Data provided Start Marker

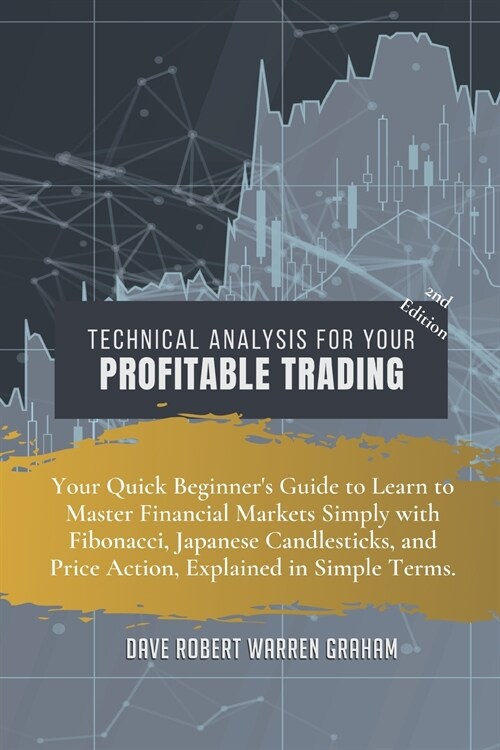 TECHNICAL ANALYSIS FOR YOUR PROFITABLE TRADING (Paperback)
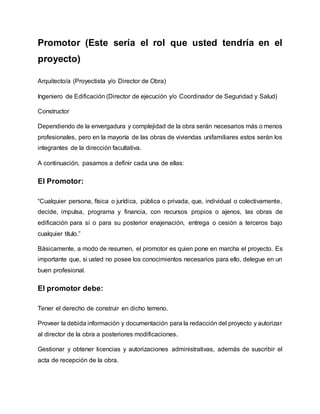 Promotor (Este sería el rol que usted tendría en el
proyecto)
Arquitecto/a (Proyectista y/o Director de Obra)
Ingeniero de Edificación (Director de ejecución y/o Coordinador de Seguridad y Salud)
Constructor
Dependiendo de la envergadura y complejidad de la obra serán necesarios más o menos
profesionales, pero en la mayoría de las obras de viviendas unifamiliares estos serán los
integrantes de la dirección facultativa.
A continuación, pasamos a definir cada una de ellas:
El Promotor:
“Cualquier persona, física o jurídica, pública o privada, que, individual o colectivamente,
decide, impulsa, programa y financia, con recursos propios o ajenos, las obras de
edificación para sí o para su posterior enajenación, entrega o cesión a terceros bajo
cualquier título.”
Básicamente, a modo de resumen, el promotor es quien pone en marcha el proyecto. Es
importante que, si usted no posee los conocimientos necesarios para ello, delegue en un
buen profesional.
El promotor debe:
Tener el derecho de construir en dicho terreno.
Proveer la debida información y documentación para la redacción del proyecto y autorizar
al director de la obra a posteriores modificaciones.
Gestionar y obtener licencias y autorizaciones administrativas, además de suscribir el
acta de recepción de la obra.
 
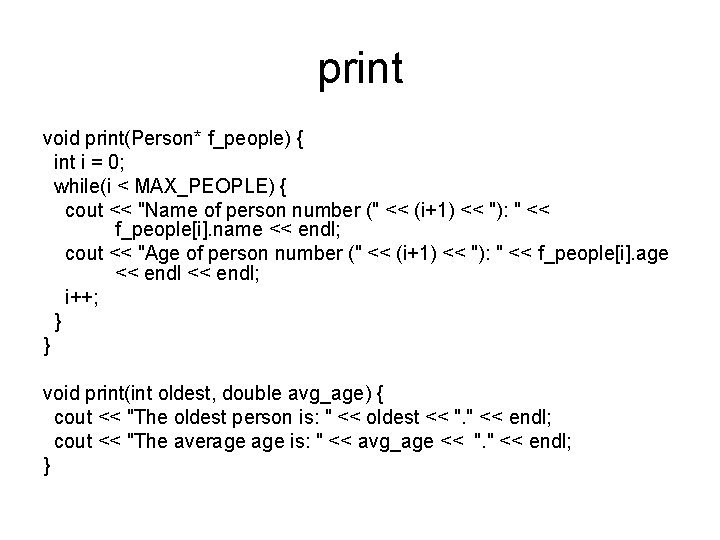 print void print(Person* f_people) { int i = 0; while(i < MAX_PEOPLE) { cout print void print(Person* f_people) { int i = 0; while(i < MAX_PEOPLE) { cout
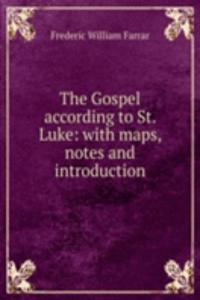 Gospel according to St. Luke: with maps, notes and introduction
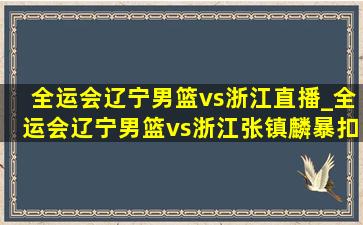 全运会辽宁男篮vs浙江直播_全运会辽宁男篮vs浙江张镇麟暴扣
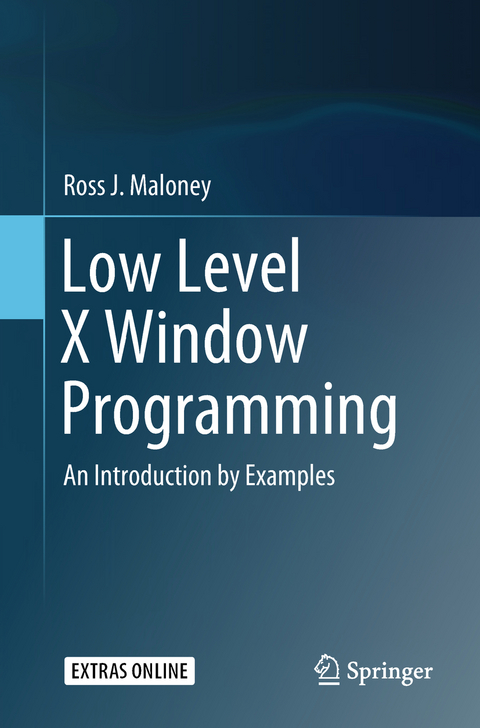 Low Level X Window Programming - Ross J. Maloney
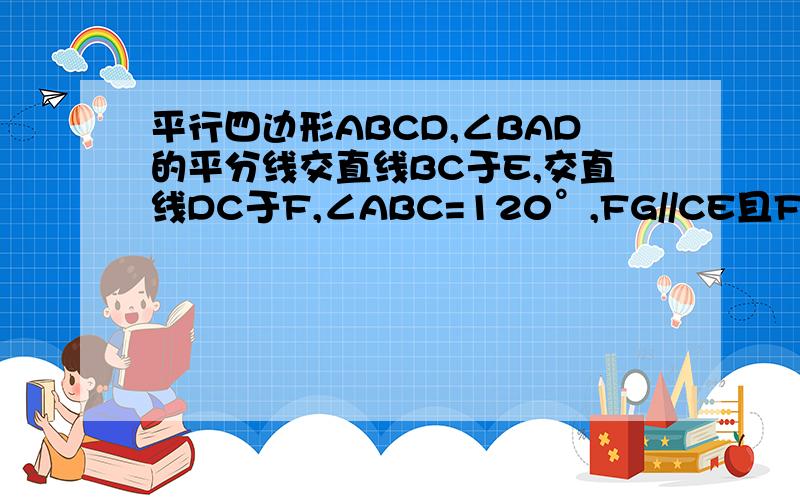 平行四边形ABCD,∠BAD的平分线交直线BC于E,交直线DC于F,∠ABC=120°,FG//CE且FG=C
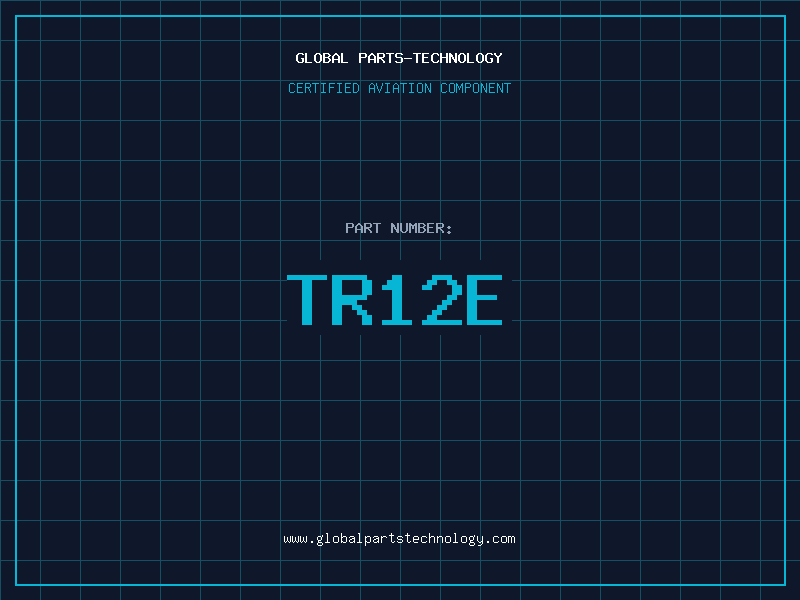 Aviation Part TR12E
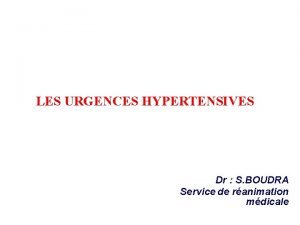 LES URGENCES HYPERTENSIVES Dr S BOUDRA Service de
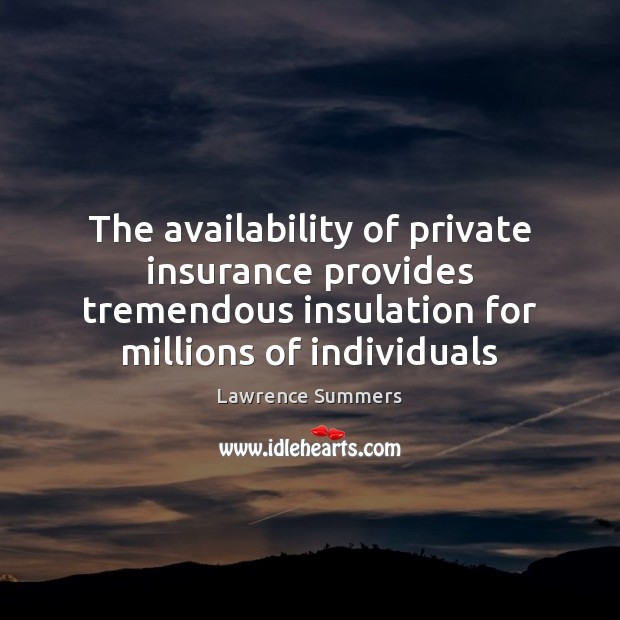 The availability of private insurance provides tremendous insulation for millions of individuals Lawrence Summers Picture Quote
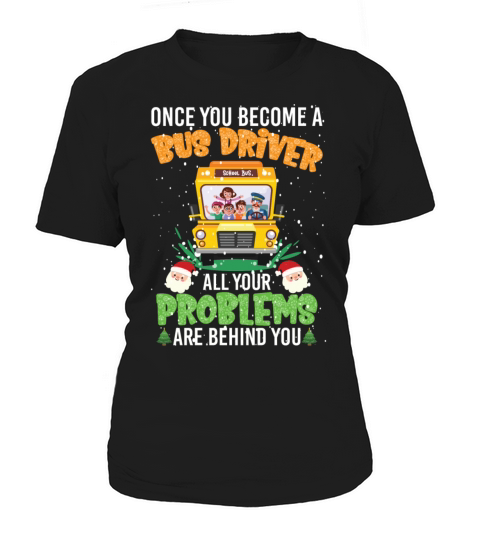 Once You Become A Bus Driver All Your Problems Women's T-Shirt
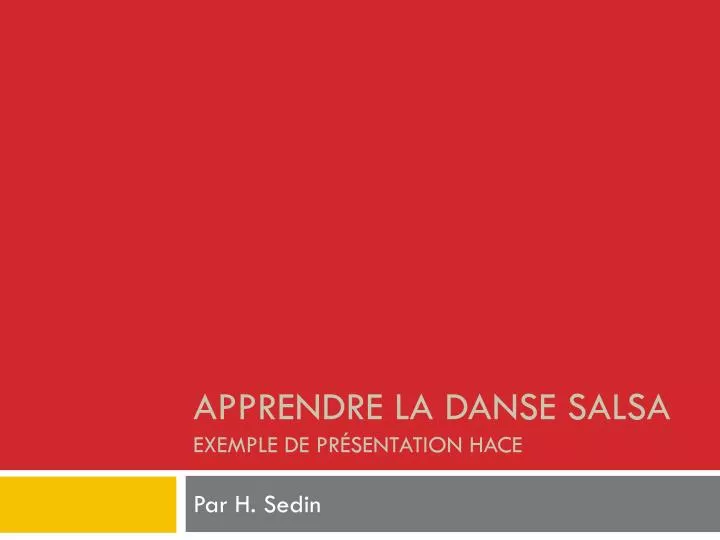 apprendre la danse salsa exemple de pr sentation hace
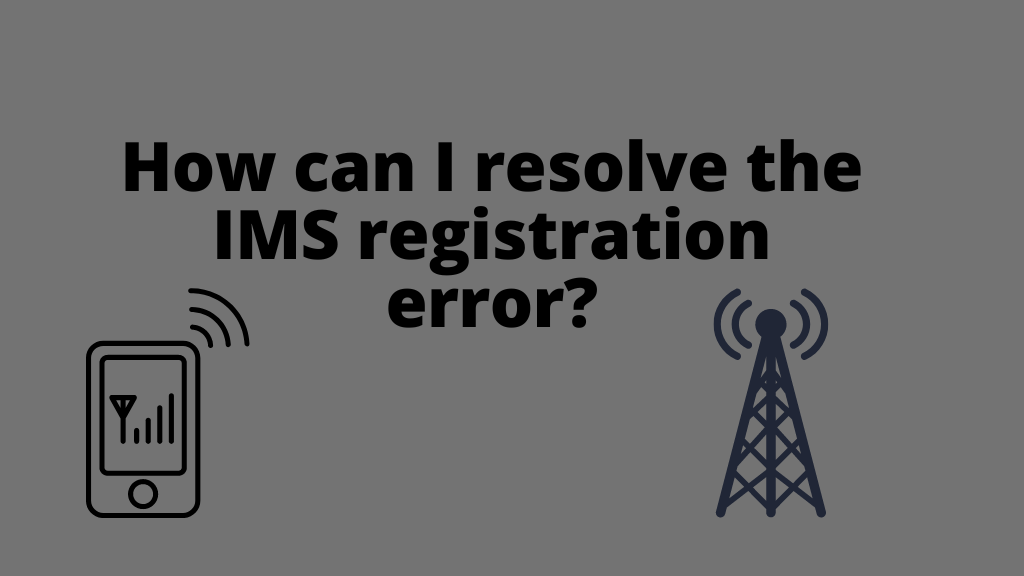 How can I resolve the IMS registration error?
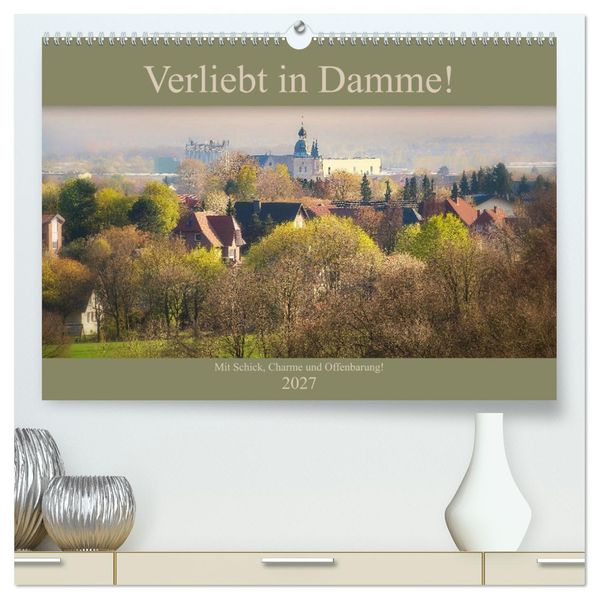 Verliebt in Damme! (hochwertiger Premium Wandkalender 2027 DIN A2 quer) Kunstdruck in Hochglanz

Data provided End Marker

Your goal: Output every record exactly, minus the pictures.

Worked solution:
 TECHNICAL ANALYSIS FOR YOUR PROFITABLE TRADING (Paperback)
 Promotor (Este sería el rol que usted tendría en el
proyecto)
Arquitecto/a (Proyectista y/o Director de Obra)
Ingeniero de Edificación (Director de ejecución y/o Coordinador de Seguridad y Salud)
Constructor
Dependiendo de la envergadura y complejidad de la obra serán necesarios más o menos
profesionales, pero en la mayoría de las obras de viviendas unifamiliares estos serán los
integrantes de la dirección facultativa.
A continuación, pasamos a definir cada una de ellas:
El Promotor:
“Cualquier persona, física o jurídica, pública o privada, que, individual o colectivamente,
decide, impulsa, programa y financia, con recursos propios o ajenos, las obras de
edificación para sí o para su posterior enajenación, entrega o cesión a terceros bajo
cualquier título.”
Básicamente, a modo de resumen, el promotor es quien pone en marcha el proyecto. Es
importante que, si usted no posee los conocimientos necesarios para ello, delegue en un
buen profesional.
El promotor debe:
Tener el derecho de construir en dicho terreno.
Proveer la debida información y documentación para la redacción del proyecto y autorizar
al director de la obra a posteriores modificaciones.
Gestionar y obtener licencias y autorizaciones administrativas, además de suscribir el
acta de recepción de la obra.
 
 print void print(Person* f_people) { int i = 0; while(i < MAX_PEOPLE) { cout print void print(Person* f_people) { int i = 0; while(i < MAX_PEOPLE) { cout
 Gospel according to St. Luke: with maps, notes and introduction
 全运会辽宁男篮vs浙江直播_全运会辽宁男篮vs浙江张镇麟暴扣
 Low Level X Window Programming - Ross J. Maloney
 平行四边形ABCD,∠BAD的平分线交直线BC于E,交直线DC于F,∠ABC=120°,FG//CE且FG=C
 Aviation Part TR12E
 LES URGENCES HYPERTENSIVES Dr S BOUDRA Service de
 The availability of private insurance provides tremendous insulation for millions of individuals Lawrence Summers Picture Quote
 Once You Become A Bus Driver All Your Problems Women's T-Shirt
 apprendre la danse salsa exemple de pr sentation hace
 How can I resolve the IMS registration error?
 Verliebt in Damme! (hochwertiger Premium Wandkalender 2027 DIN A2 quer) Kunstdruck in Hochglanz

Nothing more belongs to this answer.